Environmental Problems: The ACF River Basin Conflict



            Often when dealing with a particular environmental issue, the process of classification is fairly straightforward, and to the point.  However, in the case of the ACF River Basin, classifying the environmental problem occurring within this region may prove to be quite complicated, and solving this issue may be even more of a challenge.  This may deal with the complexity of this issue, which can make it somewhat difficult to apply it to one distinct classification.  When taking a look at the ACF River Basin conflict, one might even argue that the issue falls under a number of classifications.

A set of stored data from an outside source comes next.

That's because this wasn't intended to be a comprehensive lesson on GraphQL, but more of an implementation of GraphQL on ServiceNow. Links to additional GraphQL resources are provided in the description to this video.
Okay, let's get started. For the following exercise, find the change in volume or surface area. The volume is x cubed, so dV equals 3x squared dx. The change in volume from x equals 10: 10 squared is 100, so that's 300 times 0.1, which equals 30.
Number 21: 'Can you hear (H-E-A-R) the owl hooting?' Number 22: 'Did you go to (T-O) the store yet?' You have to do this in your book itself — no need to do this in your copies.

            The ACF River Basin conflict, also known as the “tri-state water dispute”, is an environmental problem that involves Florida, Alabama, and Georgia, and the rights they have over two major river basins that are shared by the three states.  This ongoing issue centers on the threats presented by the overconsumption of freshwater in the ACF River Basin, and has been occurring since 1990.  This river basin is not only needed by all three states as a source of drinking water, but also for agriculture, fisheries, as well as energy production, so the issue primarily centers on how to fairly allocate it.  And because this water supply is so heavily relied on by the entire region, these states are also faced with the challenge of conserving it as well.

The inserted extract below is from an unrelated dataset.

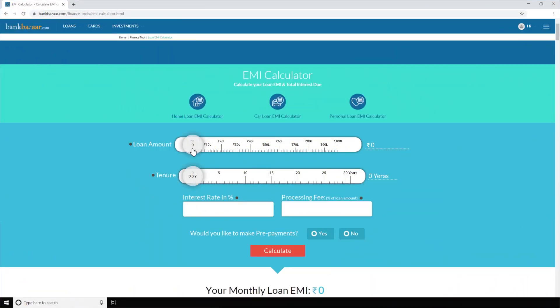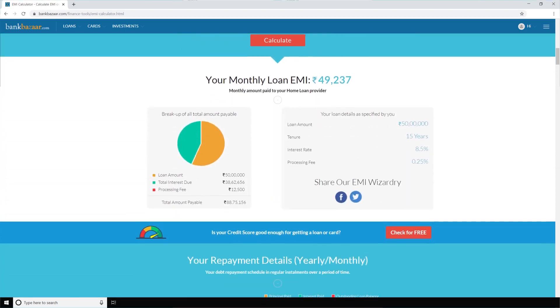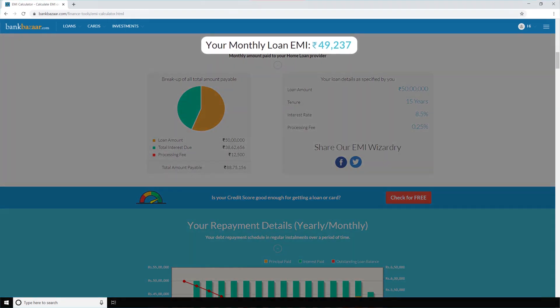Suppose you're planning to buy a house and your home loan amount is 50 lakh and the loan tenure is 15 years. Assume your lender is charging an interest rate of 8.5% per annum throughout the loan tenure, apart from a processing fee of 0.25% on the disbursed amount. If you run the numbers on the calculator, you'll realize that your EMIs will cost ₹49,237 every month for 15 years.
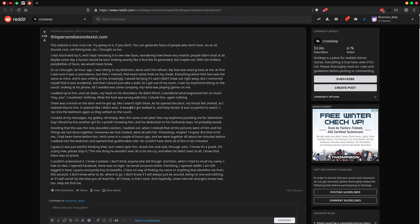I don't know what to do or where to go. I don't know if I'll always be just around or be no one and nothing, or if I will vanish by the time you all read this. All I know is that I exist. And hopefully, some internet strangers now know too. Help me find me.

            The first of the four types of environmental problems mentioned in class includes shared natural resource problems.  This is most likely the best suited classification of the problem involved with the tri-state water dispute, as it essentially describes the issue at hand; the ACF River Basin being the shared natural resource.  However, solving this issue has by no means been easy, as it has been going on for over twenty years.  One potential answer may be to bring in an outside mediator, such as a district court from another state, in order to avoid a biased decision in determining how to best deal with the situation.  The level of demand required by each of the states involved in this conflict makes setting limits for sharing this resource extremely difficult to assess.  

            The second type of environmental problems discussed includes trans-boundary externality problems, and while the issues of the ACF River Basin primarily deal with allocating the water source, this classification may apply in situations where one of the three states significantly pollutes a portion of the river basin.  Such a case might include an accident occurring at a nuclear power plant located within the river basin, or perhaps an incident that negatively impacts its fisheries.  

            While the tri-state river dispute does not fall under the classification of a linked issue problem, it in some way represents a global commons problem on a much smaller scale. This is simply due to the fact that a number of states with separate jurisdictions are all consuming a single “common” resource.  The issues regarding the ACF River Basin can be applied to the tragedy of the commons in that a number of separate entities are all consuming more water than they should be, which in turn will negatively impact all of them in the long term.  Using this classification, however, would probably still not be the most appropriate means of identifying this particular issue.

            Although one could make the argument that the ACF River Basin conflict can take on multiple classifications, it is probably most accurately described as a shared resource problem.  This is not only the simplest classification for this issue, but the one that best suits it as well.  However, finding a solution to this environmental problem is still an uncertain and ongoing process that many take many more years to resolve.